1. The Star-Touched Queen

An arranged marriage places Maya as queen of Akaran, but she soon finds herself in a web of mystery with the fate of human and otherworldly realms hanging the balance.

Buy now

2. Empire of Sand

In a setting inspired by Mughal India, Mehr is an illegitimate daughter of an imperial governor who has inherited her mother’s magic. And in an empire where magic is both coveted and persecuted, the discovery of her power makes her a target.

Buy now

3. The Simoqin Prophecies

An instant bestseller in India and a modern cult classic, this epic fantasy is both an ode to the classic genre, and a subtle spoof of it. References to Hindu mythology abound in an adventurous tale filled with humor and wit.

Buy now

Middle East

These fantasy books draw from Middle Eastern culture, history, and mythology.

The City of Brass, Throne of the Crescent Moon, and We Hunt the Flame

4. The City of Brass

When Nahri, a con woman of 18th century Cairo, accidentally summons a mysterious djinn warrior, she finds herself caught up in an adventure of magic, mythology, and dangerous politics.

Buy book

5. Throne of the Crescent Moon

This epic adventure follows three characters: A world-weary ghul hunter, a holy warrior, and a shape-shifting girl. Together they must learn the truth about a series of murders, but this leads them to an even greater problem: a plot to overthrow a throne that will throw the whole world into ruin.

Buy book

6. We Hunt the Flame

Set in a world inspired by ancient Arabia, this story follows a girl who disguises herself as a man while on a quest to save her world, and the assassin sent to stop her.

Buy book

East Asia

These fantasy books draw from East Asian culture, history, and mythology.

The Poppy War, Girls of Paper and Fire, and Shadow of the Fox

7. The Poppy War

In this dark fantasy inspired by Chinese history, Rin enters an elite military school only to discover she has a magical power that may be the key to saving her people.

Buy now

8. Girls of Paper and Fire

When Lei is taken from her country home to serve as one of the king’s consorts, she is supposed to see her selection as an honor. Instead, through a forbidden romance with one of the other consorts, she becomes involved in a plot of justice and revenge.

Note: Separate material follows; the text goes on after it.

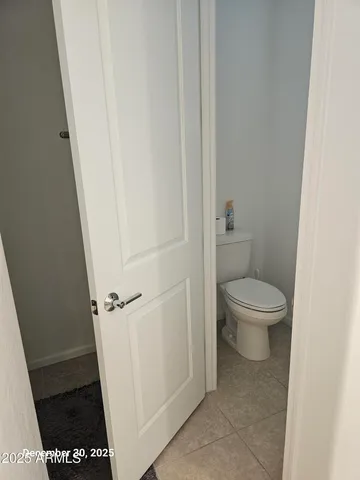 $1,895 | 44939 West Norris Road, Maricopa, AZ 85139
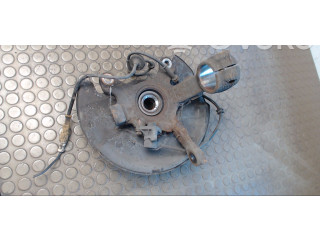 Блок АБС Rover 200 XV 1989 - 2000 года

EDIT: The author recently tweeted this article and pointed out the additional South East Asian influences in this book’s world building, particularly those from Malaysia.

Buy now

9. Shadow of the Fox

Yumeko, a half-fox/half-human hybrid, must team up with a mysterious samurai on a quest for a powerful scroll. But deception threatens to tear them apart, and an army of demons is hot on their heels as the fate of the world hangs in the balance.

Buy now

Africa

These fantasy books draw from the culture, history, and mythology of various regions of Africa.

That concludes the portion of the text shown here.